1062 Autumnwood Dr, Winnipeg, MB R2J 1C7  (204) 256-8792

Notes on the Notes – July 14, 2019


This week we will be exploring

Revelation 4:1-5:10

Service time is 10:30 a.m. at Windsor Park United, 1062 Autumnwood Drive.

This week’s music:

“Holy, Holy, Holy” (VU #315)

“Holy, holy, holy! Lord God almighty;
Early in the morning our song shall rise to thee;
Holy, holy, holy, merciful and mighty,
God in three persons, blessed Trinity!

Holy, holy, holy! All the saints adore thee,
Casting down their golden crowns around the glassy sea;
Cherubim and seraphim falling down before thee,
Which wert, and art, and evermore shalt be.

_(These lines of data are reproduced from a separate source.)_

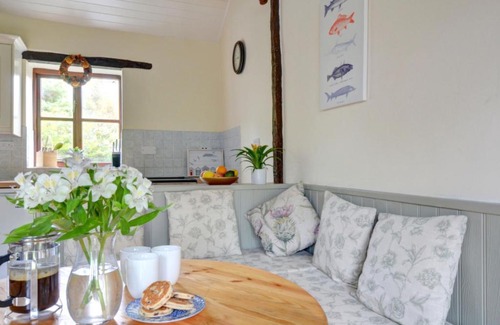 Llanerchymedd House | Holiday Home Llanerchymedd-3 by Interhome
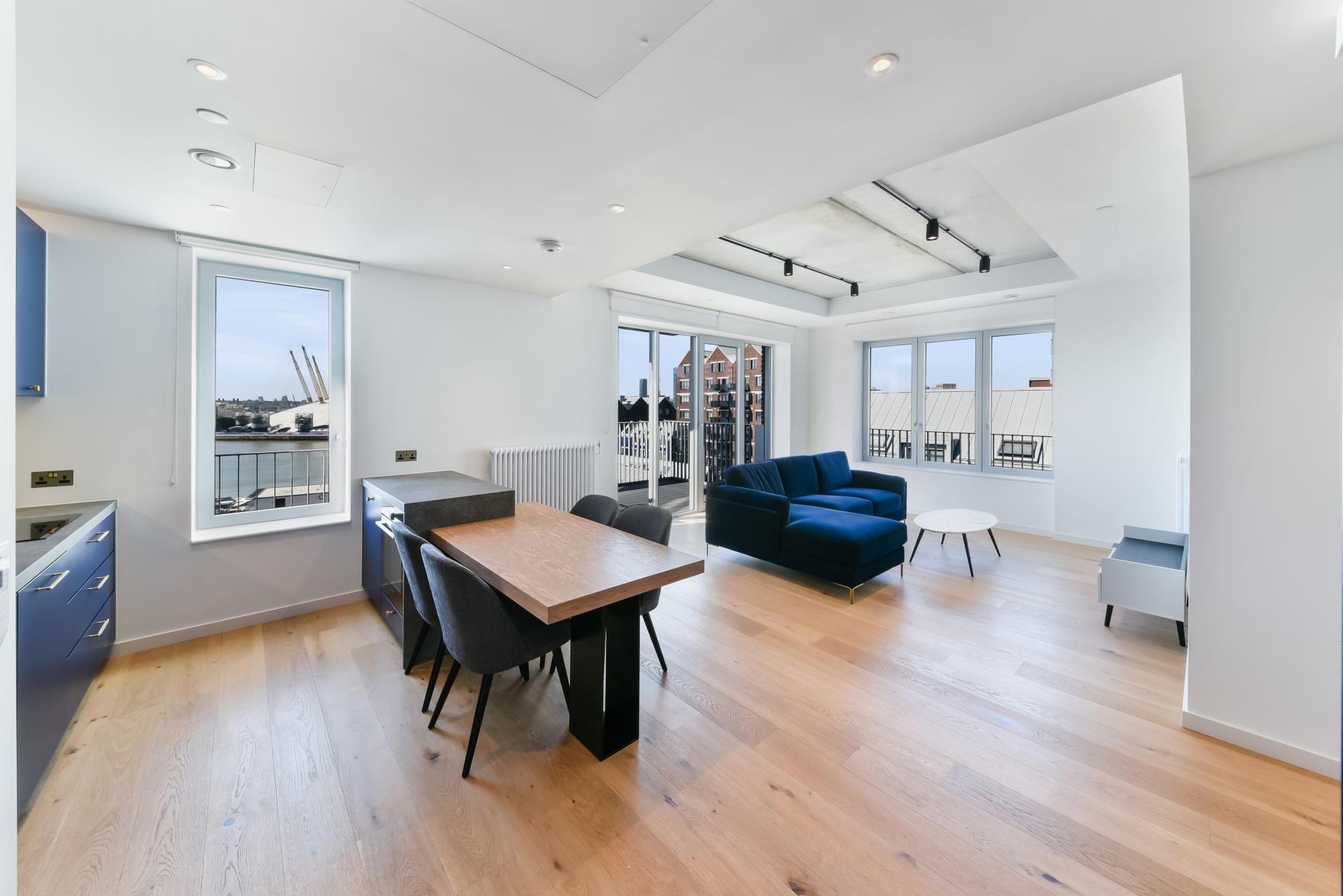 Flat Castle Slip in Greater London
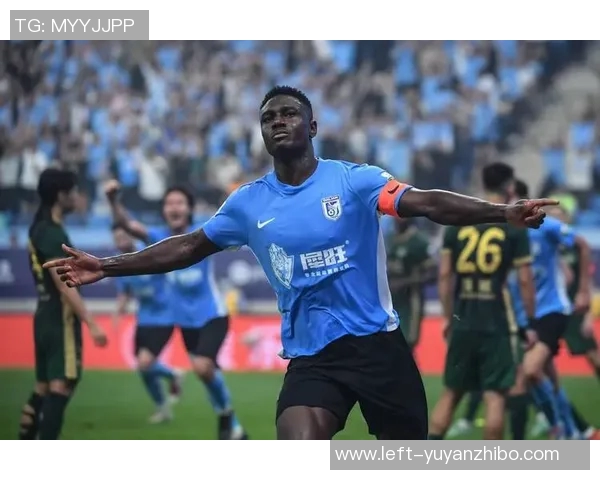 马莱莱单刀造点，亲自主罚一蹴而就的足球瞬间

Holy, holy, holy! Though the darkness hide thee;
Though the eye made blind by sin thy glory may not see,
Only thou art holy; there is none beside thee;
Perfect in power, in love, and purity.

Holy, holy, holy! Lord God almighty!
All thy works shall praise thy name in earth and sky and sea;
Holy, holy, holy, merciful and mighty,
God in three persons, blessed Trinity!”

The words for this hymn are based on Revelations 4:8-11 and were written by Reginald Herber in 1826.  The tune, NICAEA, was composed by the Reverend John B. Dykes (1861).  It is named for the Council of Nicaea (C.E. 325) where the doctrine of the Trinity, known as the Nicene Creed, was formulated.  The descant was composed for The Hymn Book (1971) by Godfrey Hewitt, organist and choirmaster at Christ Church Cathedral in Ottawa from 1931 to 1980.

Hear the Plymouth Choir and Congregation of First-Plymouth Church, Lincoln Nebraska on May 31, 2015 accompanied by the Plymouth Brass and Organist Christopher Marks.    at:  https://www.youtube.com/watch?v=0SHDNs7Dt5M

“The Living God Be Praised” (VU #255)

“The living God be praised, who reigns enthroned above,
Ancient of everlasting days, and God of love.
Jehovah, great I Am! By earth and heaven confessed,
We bow before your holy name, forever blest.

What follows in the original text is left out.